プライドの高い令嬢達が、他国で平民として生きるなんて出来るわけがない。
しかし前の世界での記憶を思い出した今は侯爵令嬢として教わることのなかった1人で生活する術を知っている。
たとえ他国で平民として生きることになっても全く問題はないだろう。
「あとは国外に出されてからどうやって生活場所を確保するかよね」
鉄格子のついた小さめの窓からは月明かりが入る。長い時間気絶してしまっていたみたいだ
外の景色は存外悪くない。ここは城でも上層階にある独房なのだろう。
目に映るのはまだ点々と明かりの残る城下町と遠くに少しだけ見える森の木々。
夜の帳の降りた静けさは今のリディメリアにはとても気持ちの良いものだった。
ふと、外から"何か"が近づいてくる気配がした。
悪意のない感じないその何かは時を置かずに鉄格子を抜けリディメリアの膝元に文字通り飛んできた。
「これは、お祖父様の使われる伝書フクロウの魔術ね」
リディメリアの祖父であるクロード・ロアは前王の宰相を務めていた人物で、現在宰相を務める父に引き継ぎをしてから隠居という名の各国放浪の旅に出ていた。
そんな祖父が家族に連絡する手段として用いているのがこの伝書鳩ならぬ伝書フクロウである
魔術を用いて編み込んだ紙を飛ばすことによってフクロウの姿になった手紙は一直線に相手の元に飛んでいく高等魔術。
リディメリアもこの術を習得するまでかなりの年月がかかってしまったが、とても便利な魔術の一つである。
リディメリアが指先で膝上にいるフクロウに触れるとフクロウは小さな光を放って手紙の形に変化した。
『親愛なるリディメリアへ
息子から話は聞いたよ、大変な事になってしまったね。お前の両親は君を既に勘当している。汚名を背負った娘を侯爵家に置いておきたくないんだろうね。でも優しいリディメリアがそんな行為を働くとは私は思えない。私はお前が無実だと信じているよ。
しかし、こうなってしまった以上結果を覆すことは出来ない。助けてやれなくてすまない。
そしてこの手紙の本題だ。罪から助けてはやれないが、その後に手助けする事は出来る。
国外追放された後、私の従者が君を馬車で拾おう。そのままその馬車に乗り、この国からとても離れた国、アスメニア王国に入国する。私の伝手で国の王には話を通してあるから心配いらない。その国のミュールという商業都市があるのだが、そこの一室を君の新しい生活の地として用意した。この場所は息子達には話していない。追ってこられることはないから安心しなさい。

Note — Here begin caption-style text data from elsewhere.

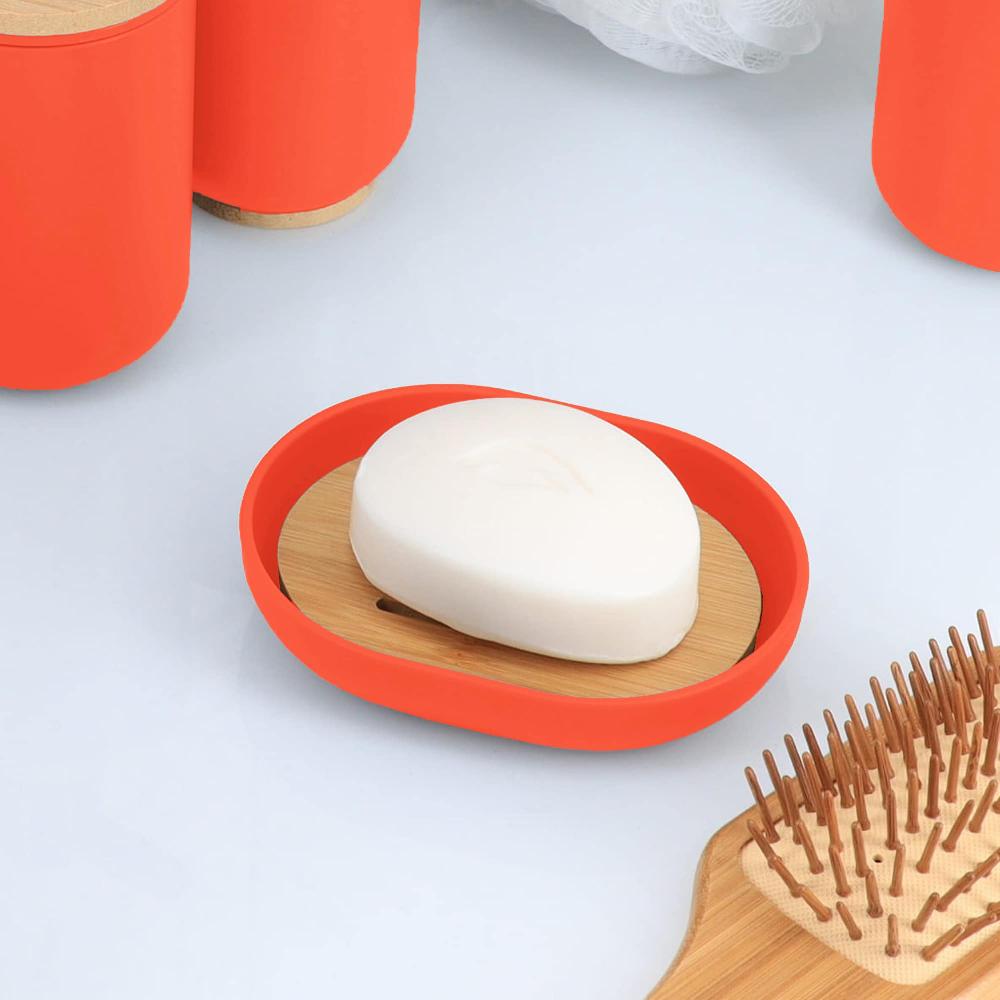 evideco Premium Orange Soap Dish Padang with Bamboo Tray – Stylish Bathroom Storage Accessory for Elegant Organization Bathroom Accessories Soap Dishes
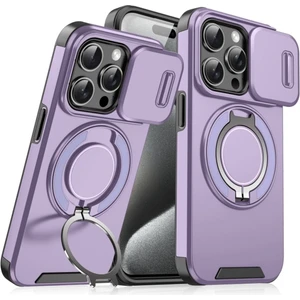 Deppo Trend iPhone 14 Pro Uyumlu Kılıf Kamera Korumalı Sürgülü 360 Dönebilen Magsafe Stand Renkli Tank Kapak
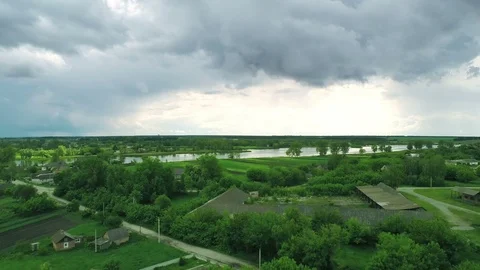 Flying over fields Stock Footage 100662124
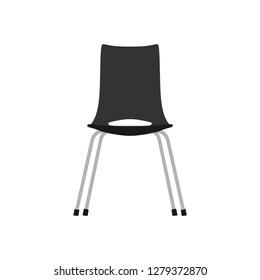 Chair black front view wooden vector icon. Office comfortable symbol relaxation furniture equipment
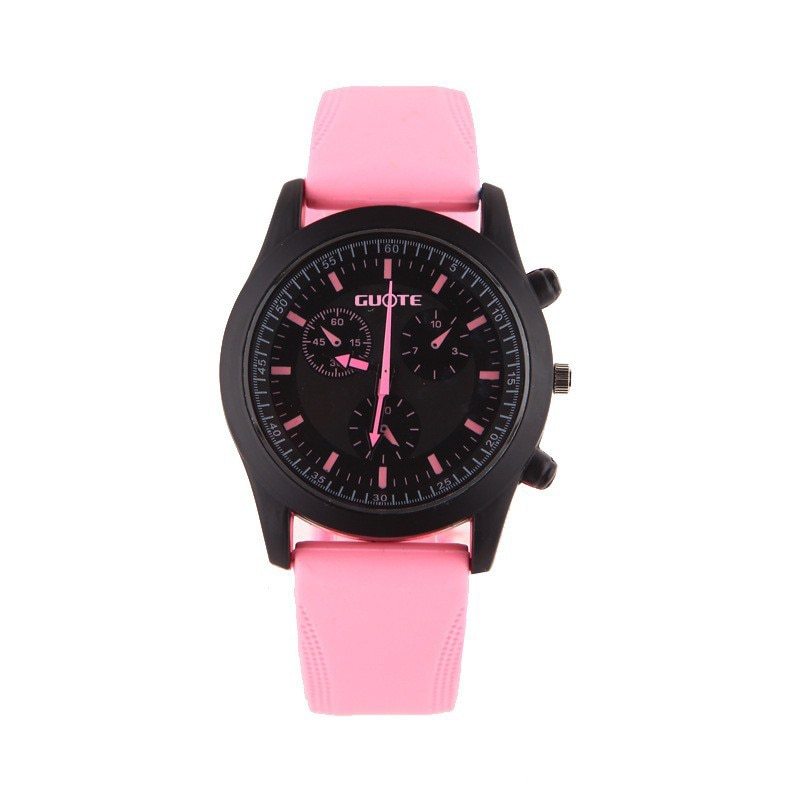 Reloj de cuarzo con correa de silicona y diseño moderno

しかし、一人での生活は厳しく辛いだろう、ここまでが私に出来る精一杯の手助けだ。あとはお前の好きに生きなさい。
私も、一段落したら逢いに行くよ。
クロード・ロア』
読み終わるとその手紙は小さな粒子とともに消滅してしまった。
「お祖父様、ありがとう……ございます…!」
お祖父様は私を信じてくれている。
新しい場所を与えてくださった。
私のことを誰も知らない、まっさらな場所を。
「濡れ衣を……前の言葉を借りるなら冤罪ね、冤罪で国外追放されるっていうのに」
少しだけワクワクしてしまう。
もう王妃としてのキツイ教育も。
両親からの重圧も。
周りからの嫉妬や陰口から解放される。